◆ **Problem to solve**
Copy verbatim the block of lines in the entries below whose first line contains "2003 Cedar St" and whose last line contains "Used 2017 Ford". Leave out all other lines.

Records excerpted from a collection:
········

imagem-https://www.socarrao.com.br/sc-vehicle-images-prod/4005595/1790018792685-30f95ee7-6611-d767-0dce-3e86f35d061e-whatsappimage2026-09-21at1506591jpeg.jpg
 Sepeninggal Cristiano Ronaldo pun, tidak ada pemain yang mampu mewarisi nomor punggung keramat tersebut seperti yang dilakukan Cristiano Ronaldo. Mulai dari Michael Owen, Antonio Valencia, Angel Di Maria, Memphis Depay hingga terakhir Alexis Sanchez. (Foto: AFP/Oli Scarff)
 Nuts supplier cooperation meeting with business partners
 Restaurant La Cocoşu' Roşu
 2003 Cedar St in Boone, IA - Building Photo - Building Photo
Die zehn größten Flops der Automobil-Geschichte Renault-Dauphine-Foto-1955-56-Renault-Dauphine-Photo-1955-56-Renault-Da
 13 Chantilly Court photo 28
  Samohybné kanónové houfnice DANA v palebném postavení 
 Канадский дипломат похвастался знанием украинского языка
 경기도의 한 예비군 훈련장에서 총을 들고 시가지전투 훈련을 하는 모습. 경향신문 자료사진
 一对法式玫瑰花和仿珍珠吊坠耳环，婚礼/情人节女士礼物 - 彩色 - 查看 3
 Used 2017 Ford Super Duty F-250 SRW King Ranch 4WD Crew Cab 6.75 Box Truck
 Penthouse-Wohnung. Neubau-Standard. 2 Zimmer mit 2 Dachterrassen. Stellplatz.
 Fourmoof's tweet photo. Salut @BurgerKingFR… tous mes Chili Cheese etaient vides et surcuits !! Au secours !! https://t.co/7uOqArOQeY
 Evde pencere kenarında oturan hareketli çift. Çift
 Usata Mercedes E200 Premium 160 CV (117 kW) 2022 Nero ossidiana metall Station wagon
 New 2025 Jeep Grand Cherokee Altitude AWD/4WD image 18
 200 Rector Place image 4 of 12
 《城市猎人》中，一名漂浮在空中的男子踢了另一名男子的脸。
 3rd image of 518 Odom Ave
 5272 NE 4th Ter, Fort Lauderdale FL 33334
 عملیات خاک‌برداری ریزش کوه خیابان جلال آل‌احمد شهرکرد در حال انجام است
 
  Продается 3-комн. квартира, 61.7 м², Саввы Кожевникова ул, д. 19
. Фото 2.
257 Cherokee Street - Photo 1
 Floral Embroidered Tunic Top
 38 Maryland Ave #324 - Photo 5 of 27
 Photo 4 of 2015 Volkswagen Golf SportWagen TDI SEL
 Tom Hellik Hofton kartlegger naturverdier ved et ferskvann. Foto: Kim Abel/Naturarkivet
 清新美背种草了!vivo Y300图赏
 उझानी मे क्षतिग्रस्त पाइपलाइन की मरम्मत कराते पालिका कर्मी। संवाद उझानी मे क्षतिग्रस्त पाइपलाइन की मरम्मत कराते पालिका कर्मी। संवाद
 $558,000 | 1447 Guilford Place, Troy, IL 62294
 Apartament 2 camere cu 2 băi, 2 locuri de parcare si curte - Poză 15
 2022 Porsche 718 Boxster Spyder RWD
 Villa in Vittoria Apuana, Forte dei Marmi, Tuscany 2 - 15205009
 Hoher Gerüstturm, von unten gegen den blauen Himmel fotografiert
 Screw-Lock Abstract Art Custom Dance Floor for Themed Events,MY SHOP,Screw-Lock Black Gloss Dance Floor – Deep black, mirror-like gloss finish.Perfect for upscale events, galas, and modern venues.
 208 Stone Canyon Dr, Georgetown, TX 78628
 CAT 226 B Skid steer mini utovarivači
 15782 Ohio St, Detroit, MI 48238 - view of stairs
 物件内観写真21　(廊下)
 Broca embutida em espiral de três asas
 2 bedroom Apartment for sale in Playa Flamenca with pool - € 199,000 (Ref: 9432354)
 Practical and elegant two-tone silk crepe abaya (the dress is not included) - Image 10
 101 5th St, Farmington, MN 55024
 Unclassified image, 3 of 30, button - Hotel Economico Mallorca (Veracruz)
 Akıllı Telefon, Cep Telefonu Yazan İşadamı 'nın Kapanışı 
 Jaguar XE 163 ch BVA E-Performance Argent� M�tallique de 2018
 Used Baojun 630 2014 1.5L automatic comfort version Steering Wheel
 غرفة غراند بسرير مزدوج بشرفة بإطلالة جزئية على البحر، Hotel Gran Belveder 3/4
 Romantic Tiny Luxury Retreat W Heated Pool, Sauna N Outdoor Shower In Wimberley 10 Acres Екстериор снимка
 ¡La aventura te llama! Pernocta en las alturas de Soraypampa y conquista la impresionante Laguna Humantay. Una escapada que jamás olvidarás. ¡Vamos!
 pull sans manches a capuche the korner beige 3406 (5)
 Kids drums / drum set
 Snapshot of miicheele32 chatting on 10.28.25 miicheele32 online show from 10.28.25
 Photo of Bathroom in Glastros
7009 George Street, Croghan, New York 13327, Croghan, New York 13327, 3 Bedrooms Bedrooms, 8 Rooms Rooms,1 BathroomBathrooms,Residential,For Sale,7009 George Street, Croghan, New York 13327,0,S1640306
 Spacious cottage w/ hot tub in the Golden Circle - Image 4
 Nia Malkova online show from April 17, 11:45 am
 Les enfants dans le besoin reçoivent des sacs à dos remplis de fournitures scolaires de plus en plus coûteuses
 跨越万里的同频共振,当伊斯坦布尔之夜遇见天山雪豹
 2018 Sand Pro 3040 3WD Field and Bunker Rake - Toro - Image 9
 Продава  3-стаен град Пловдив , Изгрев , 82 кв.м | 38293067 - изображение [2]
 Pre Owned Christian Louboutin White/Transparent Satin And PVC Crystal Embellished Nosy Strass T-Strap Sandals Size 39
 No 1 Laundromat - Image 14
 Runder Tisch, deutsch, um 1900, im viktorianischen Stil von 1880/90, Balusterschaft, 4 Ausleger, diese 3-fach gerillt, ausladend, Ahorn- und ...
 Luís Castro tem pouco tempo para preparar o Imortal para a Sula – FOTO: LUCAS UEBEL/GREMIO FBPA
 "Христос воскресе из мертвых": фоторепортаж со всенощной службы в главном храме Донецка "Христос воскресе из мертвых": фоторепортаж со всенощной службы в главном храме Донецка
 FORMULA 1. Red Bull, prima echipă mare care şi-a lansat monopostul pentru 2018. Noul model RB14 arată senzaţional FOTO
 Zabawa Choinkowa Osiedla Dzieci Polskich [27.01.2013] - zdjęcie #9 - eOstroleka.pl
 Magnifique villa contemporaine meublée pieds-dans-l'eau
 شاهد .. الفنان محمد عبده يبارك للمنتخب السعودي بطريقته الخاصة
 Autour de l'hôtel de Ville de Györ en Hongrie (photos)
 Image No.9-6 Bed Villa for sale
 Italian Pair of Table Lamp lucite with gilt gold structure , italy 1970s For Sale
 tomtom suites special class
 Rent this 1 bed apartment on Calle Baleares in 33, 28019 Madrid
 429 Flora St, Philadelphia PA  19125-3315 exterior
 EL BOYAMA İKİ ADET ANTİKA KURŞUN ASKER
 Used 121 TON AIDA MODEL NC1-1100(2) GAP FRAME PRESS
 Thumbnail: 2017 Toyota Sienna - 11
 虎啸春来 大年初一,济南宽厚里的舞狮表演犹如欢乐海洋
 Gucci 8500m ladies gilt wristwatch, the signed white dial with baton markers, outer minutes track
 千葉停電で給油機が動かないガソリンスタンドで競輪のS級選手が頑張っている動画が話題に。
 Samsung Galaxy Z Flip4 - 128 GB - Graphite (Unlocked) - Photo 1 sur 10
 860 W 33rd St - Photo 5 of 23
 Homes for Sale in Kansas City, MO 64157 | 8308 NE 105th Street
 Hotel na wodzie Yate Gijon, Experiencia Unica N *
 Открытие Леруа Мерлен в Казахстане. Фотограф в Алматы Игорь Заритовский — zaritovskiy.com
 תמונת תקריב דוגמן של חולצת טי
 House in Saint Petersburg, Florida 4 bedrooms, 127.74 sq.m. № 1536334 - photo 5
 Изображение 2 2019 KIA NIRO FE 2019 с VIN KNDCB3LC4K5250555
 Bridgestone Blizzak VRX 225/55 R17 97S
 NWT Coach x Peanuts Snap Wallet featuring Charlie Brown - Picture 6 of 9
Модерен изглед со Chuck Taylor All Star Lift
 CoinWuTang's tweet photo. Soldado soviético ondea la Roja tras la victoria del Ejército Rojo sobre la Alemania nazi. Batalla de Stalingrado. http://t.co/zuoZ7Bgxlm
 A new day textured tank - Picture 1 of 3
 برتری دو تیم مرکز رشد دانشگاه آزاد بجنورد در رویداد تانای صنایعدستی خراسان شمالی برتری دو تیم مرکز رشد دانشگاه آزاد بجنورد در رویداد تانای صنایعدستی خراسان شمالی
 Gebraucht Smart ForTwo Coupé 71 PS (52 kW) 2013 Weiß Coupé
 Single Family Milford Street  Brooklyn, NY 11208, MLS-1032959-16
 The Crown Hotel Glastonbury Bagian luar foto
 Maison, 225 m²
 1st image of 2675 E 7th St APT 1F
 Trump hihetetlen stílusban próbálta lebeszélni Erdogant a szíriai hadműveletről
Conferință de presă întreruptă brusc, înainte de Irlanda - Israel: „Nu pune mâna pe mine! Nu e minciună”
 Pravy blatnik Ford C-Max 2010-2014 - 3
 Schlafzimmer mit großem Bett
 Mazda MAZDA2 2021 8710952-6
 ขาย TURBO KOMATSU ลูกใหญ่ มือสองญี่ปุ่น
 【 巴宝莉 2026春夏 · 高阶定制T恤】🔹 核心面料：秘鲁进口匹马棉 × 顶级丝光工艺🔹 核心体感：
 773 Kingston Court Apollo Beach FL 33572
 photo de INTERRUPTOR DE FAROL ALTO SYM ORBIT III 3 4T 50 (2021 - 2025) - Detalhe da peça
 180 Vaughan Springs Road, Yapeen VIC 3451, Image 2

········

◆ **Response area**
 2003 Cedar St in Boone, IA - Building Photo - Building Photo
Die zehn größten Flops der Automobil-Geschichte Renault-Dauphine-Foto-1955-56-Renault-Dauphine-Photo-1955-56-Renault-Da
 13 Chantilly Court photo 28
  Samohybné kanónové houfnice DANA v palebném postavení 
 Канадский дипломат похвастался знанием украинского языка
 경기도의 한 예비군 훈련장에서 총을 들고 시가지전투 훈련을 하는 모습. 경향신문 자료사진
 一对法式玫瑰花和仿珍珠吊坠耳环，婚礼/情人节女士礼物 - 彩色 - 查看 3
 Used 2017 Ford Super Duty F-250 SRW King Ranch 4WD Crew Cab 6.75 Box Truck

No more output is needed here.